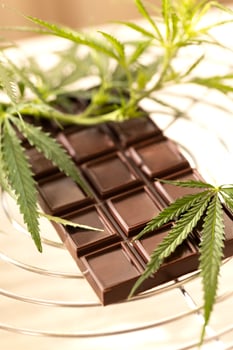 Dark chocolate bar placed beside fresh cannabis leaves on a marble background photo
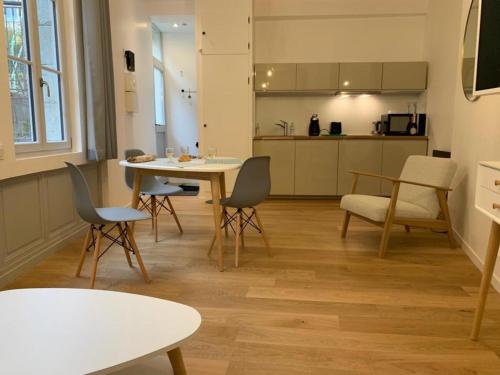 uma sala de estar com mesa e cadeiras e uma cozinha em Les Tiercelines em Dole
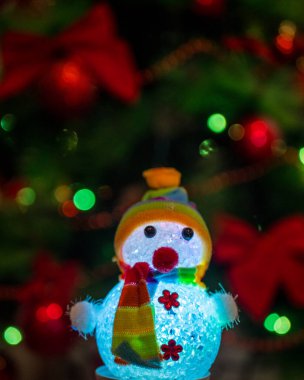 Noel ağacı arka planında çelenklerle parlayan kardan adam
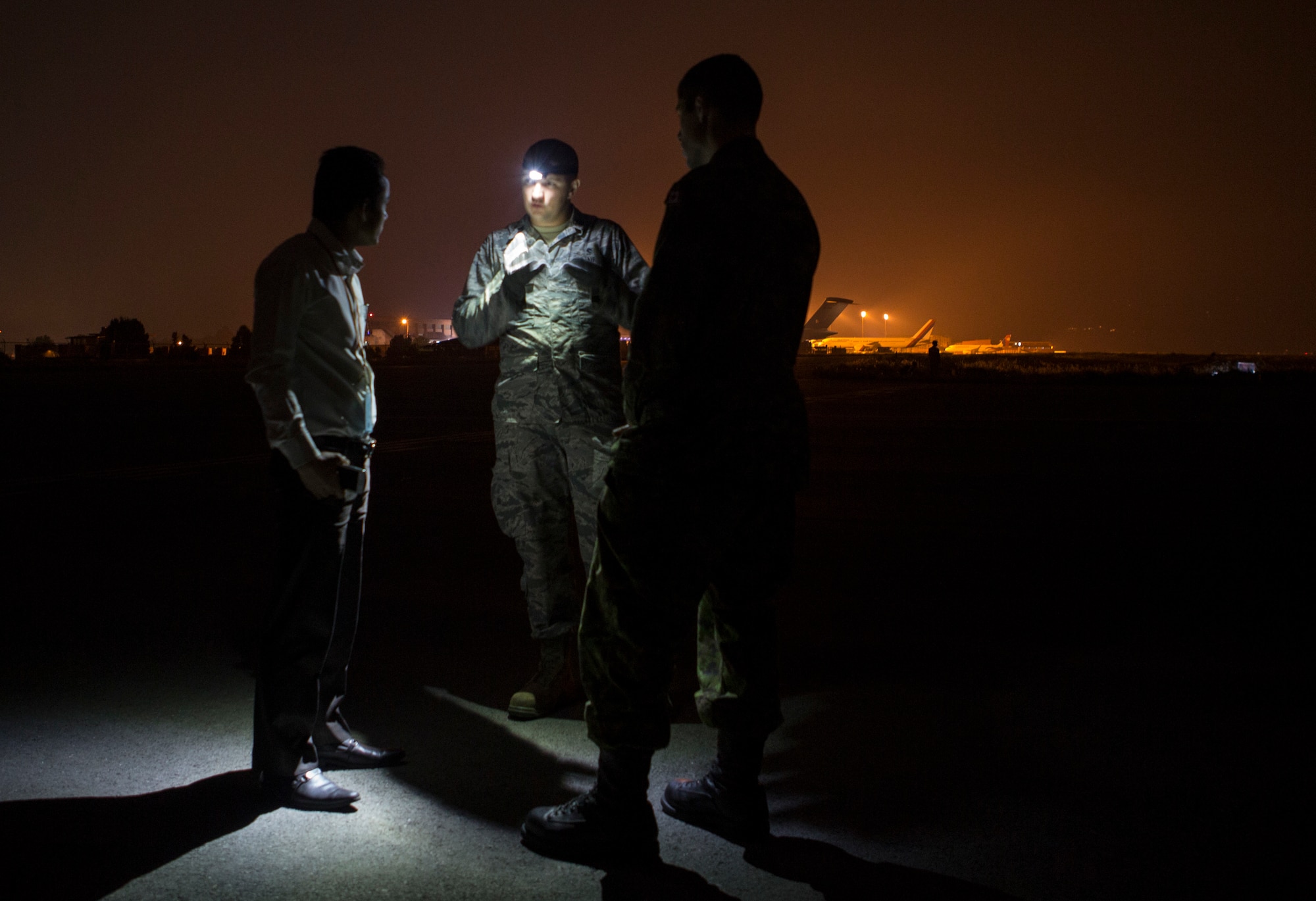 U.S. Air Force Capt. Clark Morgan, center, contingency engineer flight commander with the 36th Contingency Response Group, Joint Task Force-505 and Reno, Nevada native; Canadian Maj. Simon Comtois, right, a construction engineer with the Disaster Assistance Response Team; and Kumar Shresthna, a Nepalese civil engineer with the Civil Aviation Authority of Nepal discuss the process to determine the geotechnical engineering properties of the soil at the Tribhuvan International Airport, Kathmandu, Nepal, May 8, 2015. The team tested the soil using a dynamic cone penetrometer to determine its stability following the 7.8 magnitude earthquake.  The pavement evaluation tested to see if there were any significant changes to the soil beneath the runway since the earthquake. Any changes could restrict weight limitations to incoming flights in order to prevent any runway damage. The Nepalese government requested the U.S. Government assistance after a 7.8 magnitude earthquake struck the country April 25, 2015. JTF-505 is working in conjunction with USAID and the international community to assist Nepal. (U.S. Marine Corps photo by MCIPAC Combat Camera Staff Sgt. Jeffrey D. Anderson/Released)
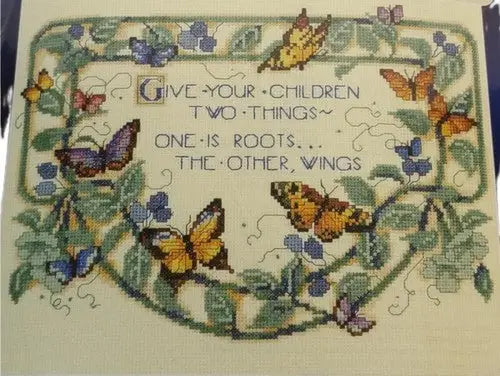 Embroidered tapestry featuring butterflies foliage and quote from Leisure Arts Designs
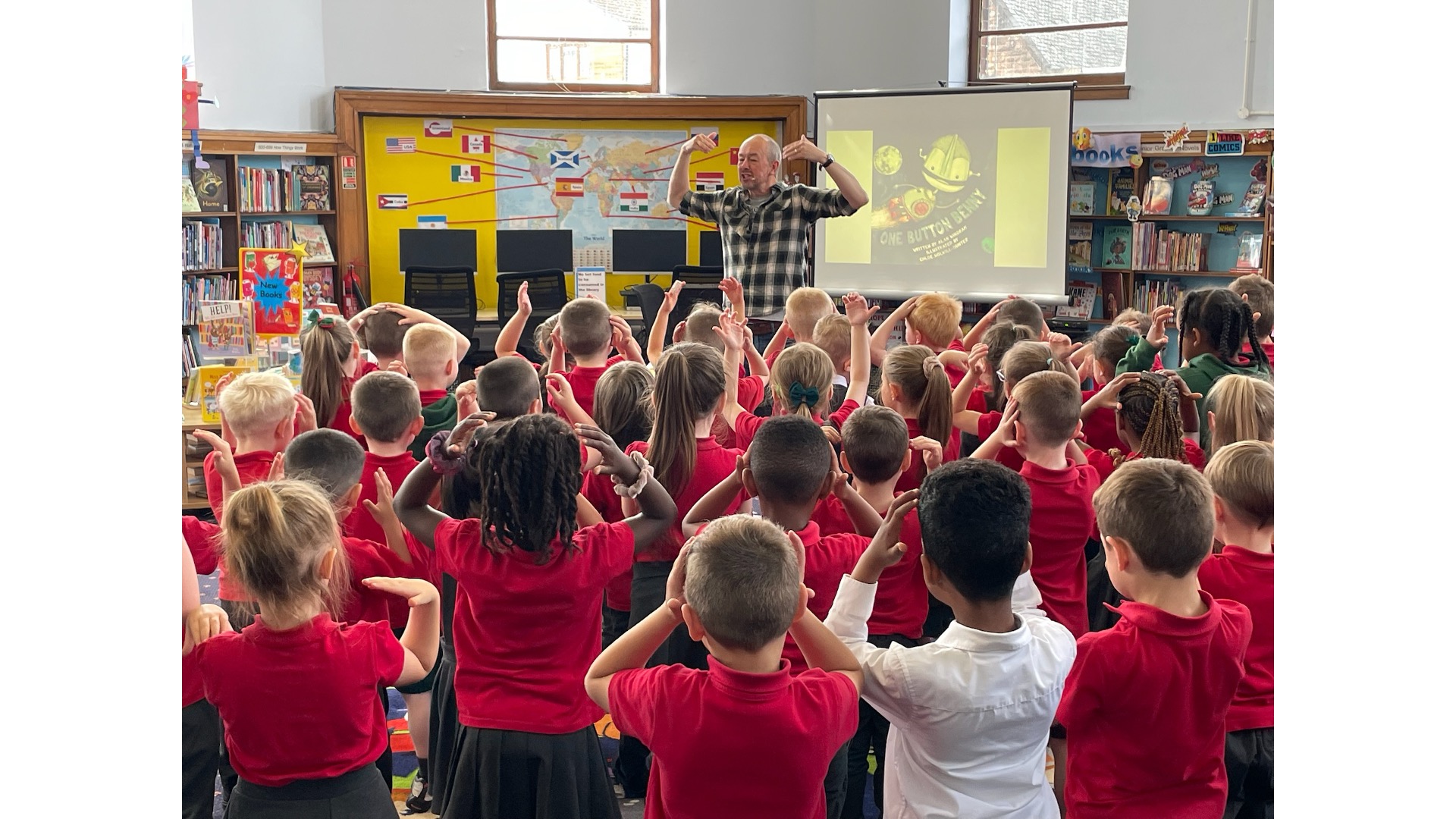Photograph of an author event in a library for schoolchildren.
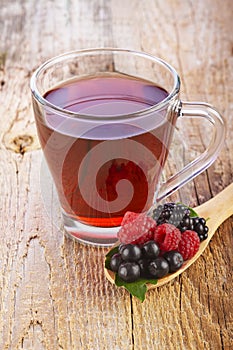 Fruit red tea with wild berries in wooden spoon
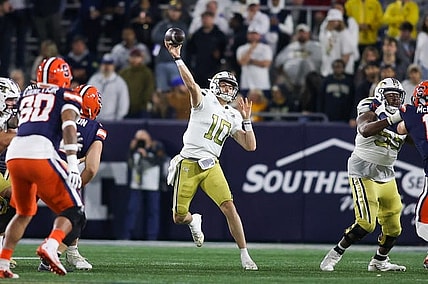 Nov 18, 2023; Atlanta, Georgia, USA; Georgia Tech Yellow Jackets quarterback Haynes King (10) throws a pass against the Syracuse Orange in the first half at Bobby Dodd Stadium at Hyundai Field. Mandatory Credit: Brett Davis-USA TODAY Sports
--- --- ---
WHAT THE EXERCISE ASKS: After locating the line that contains "Fruit red tea", output it and all later lines through the end of the material exactly, leaving out pictures.

WORKED SOLUTION:
 Fruit red tea with wild berries in wooden spoon
 Nov 18, 2023; Atlanta, Georgia, USA; Georgia Tech Yellow Jackets quarterback Haynes King (10) throws a pass against the Syracuse Orange in the first half at Bobby Dodd Stadium at Hyundai Field. Mandatory Credit: Brett Davis-USA TODAY Sports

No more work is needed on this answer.